#### YOUR GOAL:
Quote exactly the lines from the one with "Vente Maison 250m&sup2;" to the end of the data, both included; omit the pictures.
GIVEN MATERIAL Start Marker
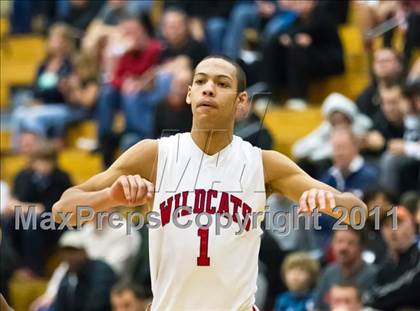 Thumbnail 2 in Yates vs. Westview (Les Schwab Invitational) photogallery.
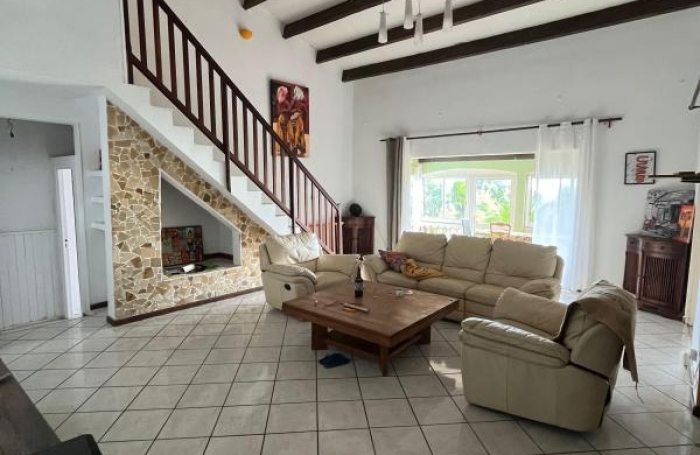 Vente Maison 250m&sup2; 6 pi&#232;ces Saint Gilles Les Hauts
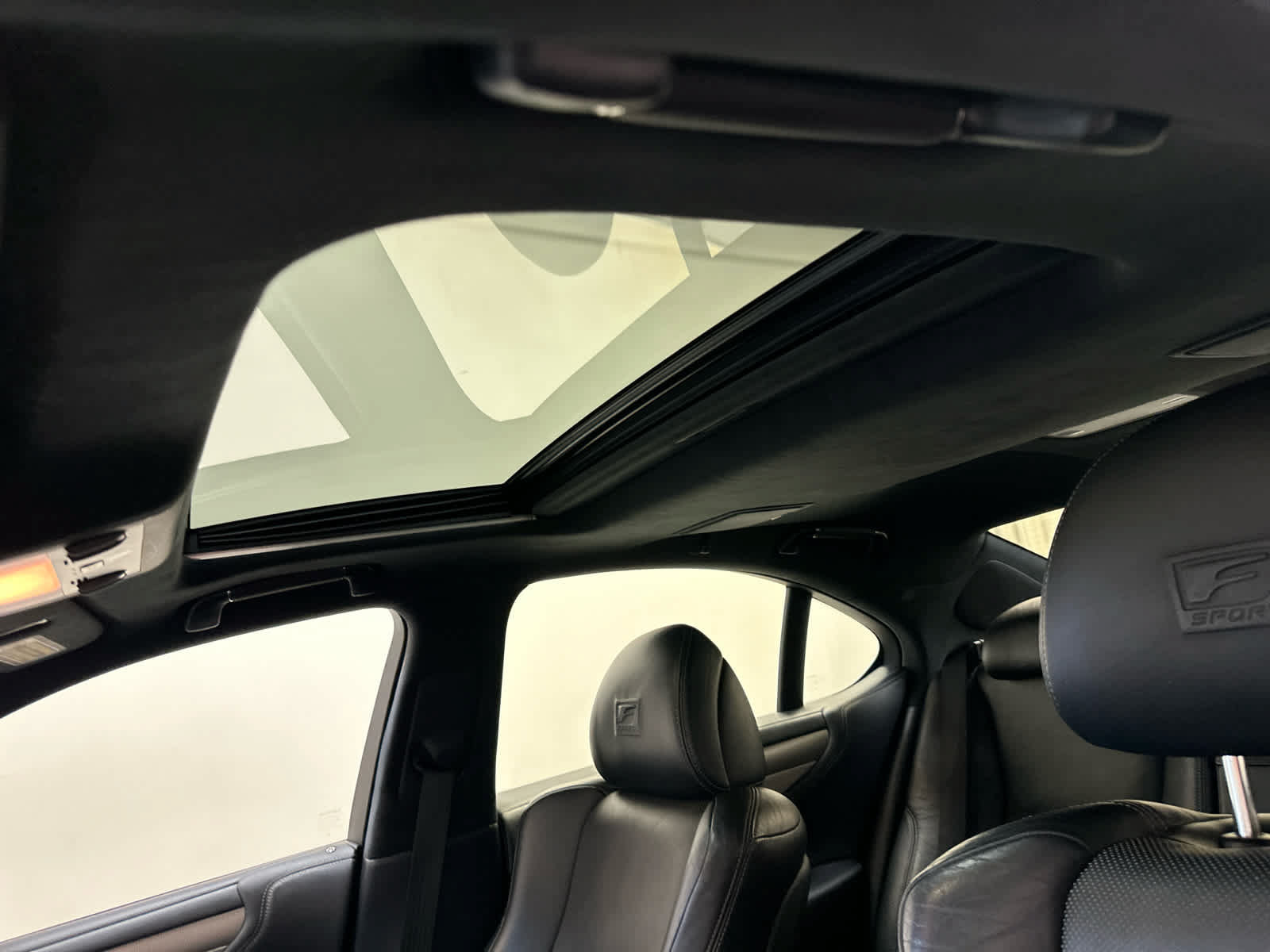 Used 2013 Lexus LS 460 AWD w/ F-Sport Pkg image 5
GIVEN MATERIAL End Marker
#### SOLUTION TO THE PROBLEM:
 Vente Maison 250m&sup2; 6 pi&#232;ces Saint Gilles Les Hauts
 Used 2013 Lexus LS 460 AWD w/ F-Sport Pkg image 5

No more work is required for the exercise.